In [38]:
import pandas as pd

In [39]:
df = pd.read_csv('custom_sales_data.csv')

In [129]:
import numpy as np
import pandas as pd

#plotting libraries
import matplotlib.pyplot as plt
import seaborn as sns

import sklearn.metrics
#data preprocessing for the models. Never preprocess before exploration if you can help it
from sklearn.preprocessing import LabelEncoder
from sklearn.preprocessing import MinMaxScaler

#Selecting train and test data.
from sklearn.model_selection import train_test_split

#metrics to check our model performance
from sklearn.metrics import mean_squared_error, mean_absolute_error

#remove warnings every time we plot or apply a model to make notebook prettier
import warnings
warnings.filterwarnings('ignore')

#graphs are displayed in the cell. Magic functions op
%matplotlib inline

In [41]:
class StatisticalModelImplenter():
    
    '''
    Parent class containing common functions 
    '''
    def __init__(self):

        self.all_models = []
        self.all_model_names = []

    def get_models(self):

        '''
        returns a dictionary containing names with the corosponing model
        '''
        model_dict = {self.all_models[i]: self.all_model_names[i] for i in range(len(self.all_models))}
        return model_dict

    def fit_train(self, x_train, y_train):
        
        self.x_train = x_train
        self.y_train = y_train

    def fit_test_set(self, user_x_test, user_y_test):

        self.x_test = user_x_test
        self.y_test = user_y_test

    def apply_metric(self,  metric):

        metric_list = []
        for _, model in enumerate(self.all_models):
            metric_item = metric(self.y_test, model.predict(self.x_test))
            metric_list.append(metric_item)

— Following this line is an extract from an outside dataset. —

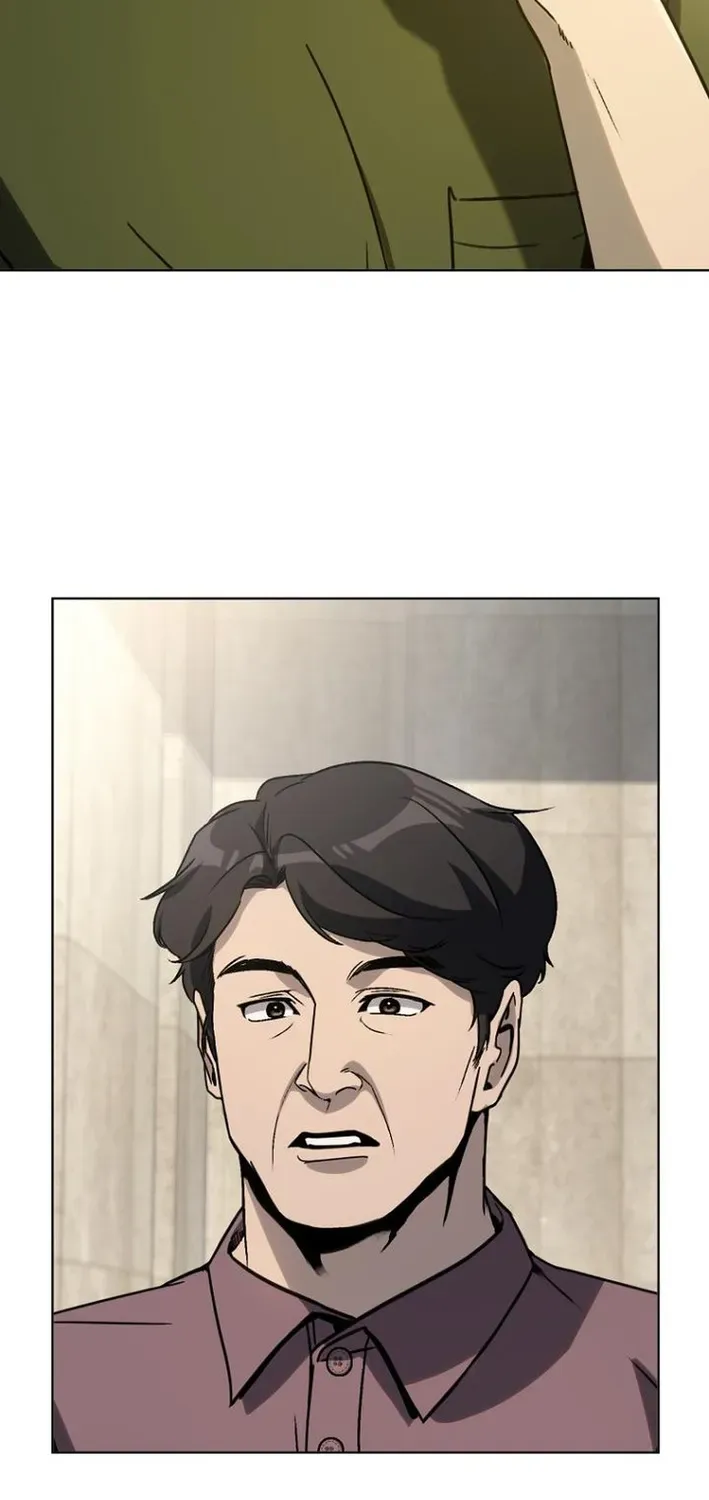 The Thousand-Faced Actor Chapter 27 page 75 -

        self.report_printer(metric_list)

    def report_printer(self, list_of_metric):

        all_model_metrics = dict(zip(self.all_model_names, list_of_metric))

        for name, matrix in all_model_metrics.items():
            print('{}\n{}\n\n'.format(name, matrix))
            
    def best_model(self):
        
        output_count = []
        for _, model in enumerate(self.all_models):
            
            list_of_outputs = list(model.predict(self.__x_test))
            output_count.append(self.count_values(list_of_outputs))
        
        max_predicted_val = self.count_values(output_count)
        print(max_predicted_val)

In [42]:
from sklearn.linear_model import LinearRegression
from sklearn.tree import DecisionTreeRegressor
from sklearn.svm import SVR

# ensemble models for better performance in classification
from sklearn.ensemble import AdaBoostRegressor
from sklearn.ensemble import RandomForestRegressor

In [326]:
def root_mean_squared_error(y_real, y_predicted):
    return np.sqrt(mean_squared_error(y_real, y_predicted))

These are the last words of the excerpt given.